[GIVEN ENTRIES]

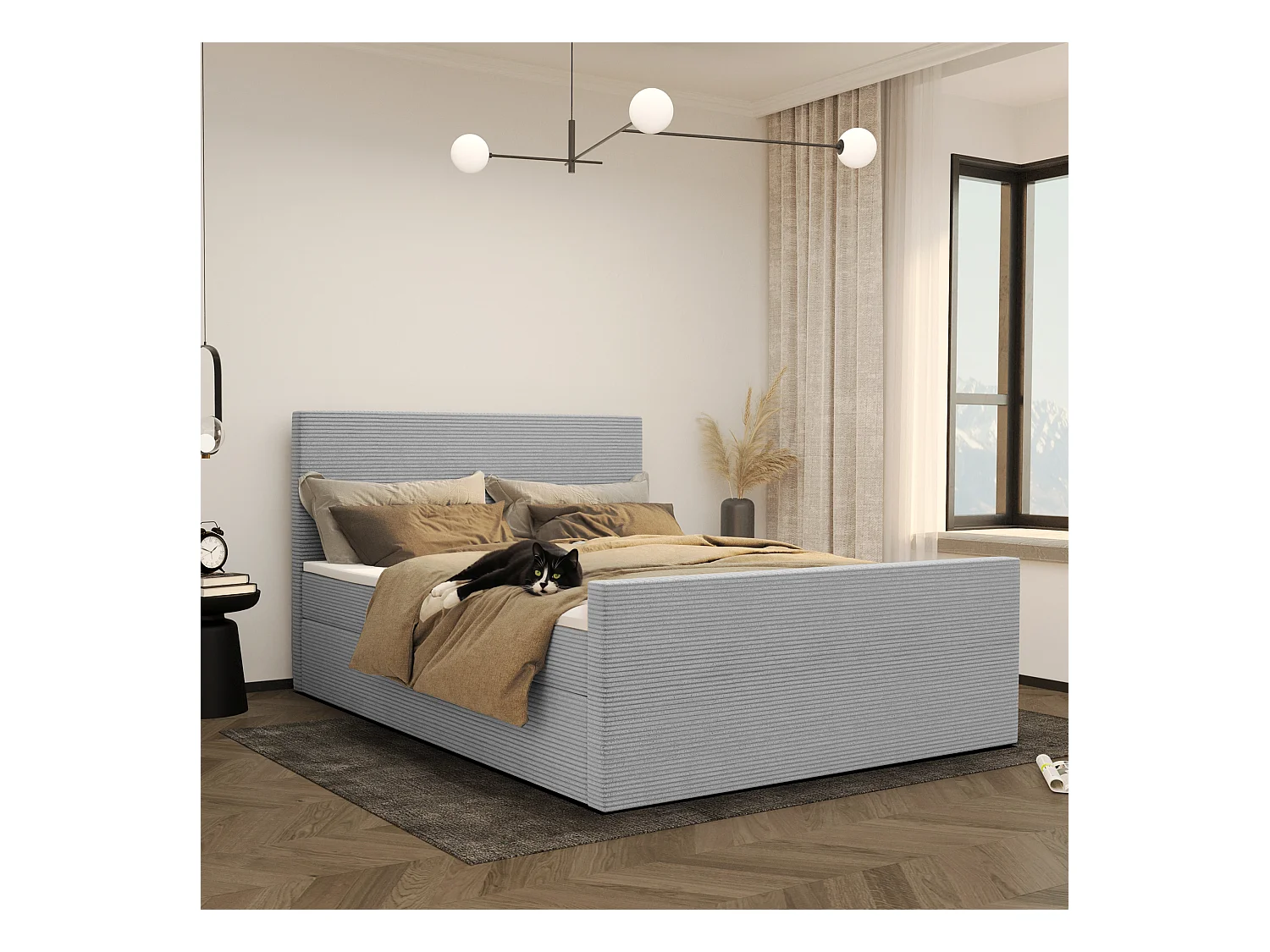 Lit boxspring avec sommier et surmatelas VIESTA tissu Poso gris clair 200x200 cm H3-Bonell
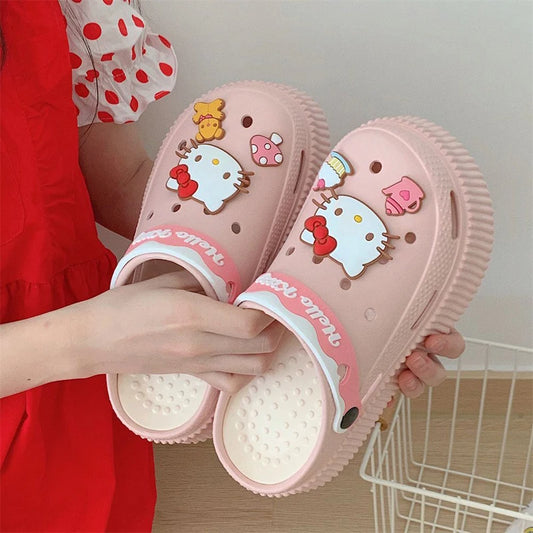 MINISO Kuromi Women's Platform Sandals Slippers Cartoon Hello Kitty Kawaiil Slip-resistant Shoes Cinnamorol Summer Women Shoe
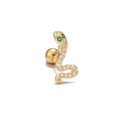 Snake helix earring with gold plating and green zircon eyes on a screw back stud - Snake Style-Gold (EGD0148 Gold)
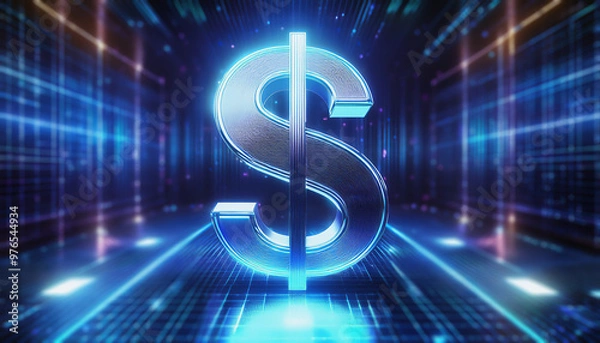 Fototapeta 青い金属光沢のアメリカドルのマーク。青く光る線のサイバー空間の背景。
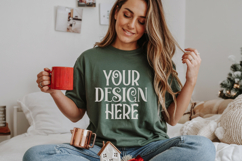 Christmas Gildan 18000 Forest Green Crewneck Sweatshirt Mock Product Image 1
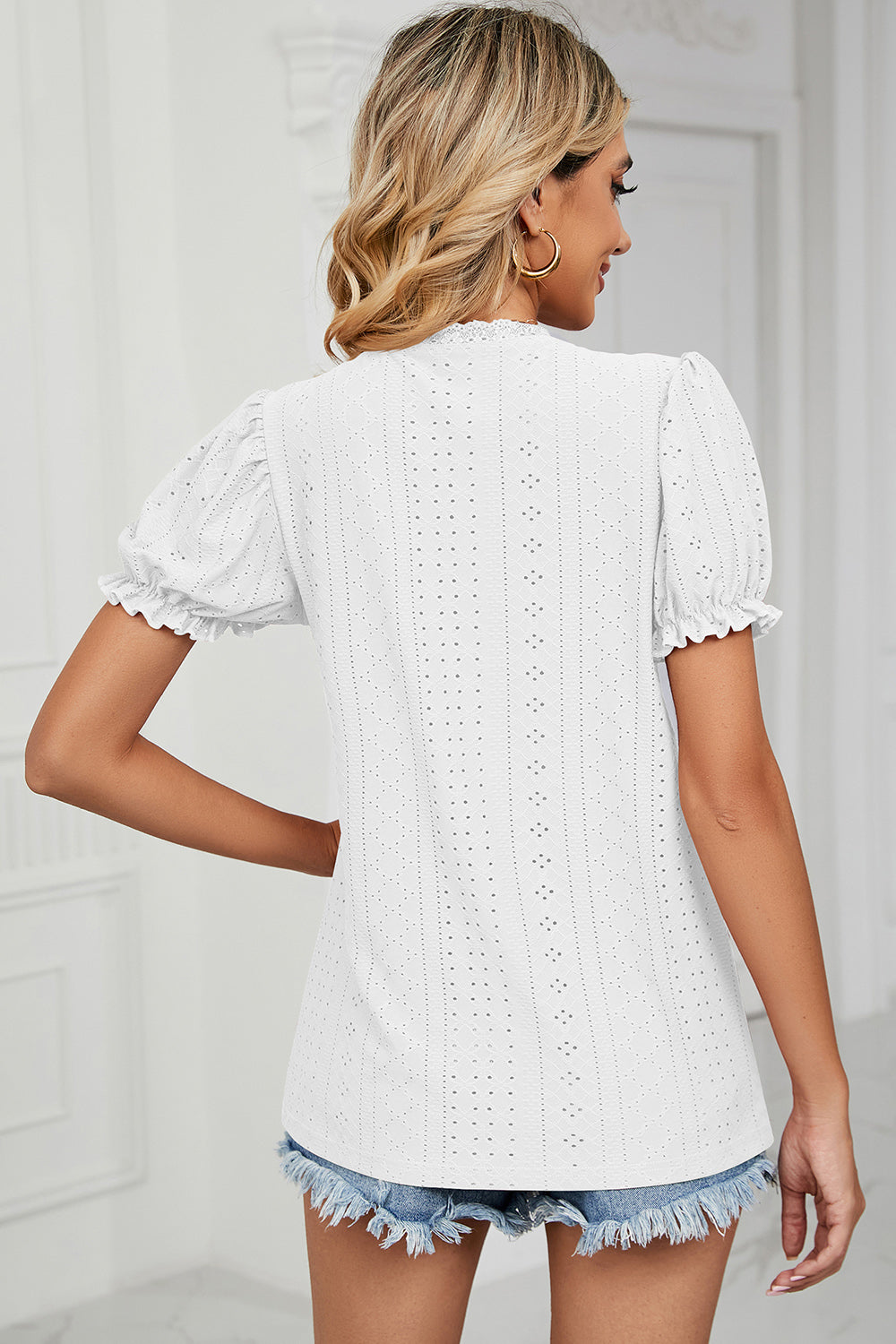 Eyelet V-Neck Short Sleeve Top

[/GIVEN ENTRIES]

WORK TO BE COMPLETED: Please give the material above again in full, with no pictures in your version.

REPLY TO THE EXERCISE:
 Lit boxspring avec sommier et surmatelas VIESTA tissu Poso gris clair 200x200 cm H3-Bonell
 MINISO Kuromi Women's Platform Sandals Slippers Cartoon Hello Kitty Kawaiil Slip-resistant Shoes Cinnamorol Summer Women Shoe
 Snake helix earring with gold plating and green zircon eyes on a screw back stud - Snake Style-Gold (EGD0148 Gold)
 Fototapeta 青い金属光沢のアメリカドルのマーク。青く光る線のサイバー空間の背景。
 Christmas Gildan 18000 Forest Green Crewneck Sweatshirt Mock Product Image 1
 Eyelet V-Neck Short Sleeve Top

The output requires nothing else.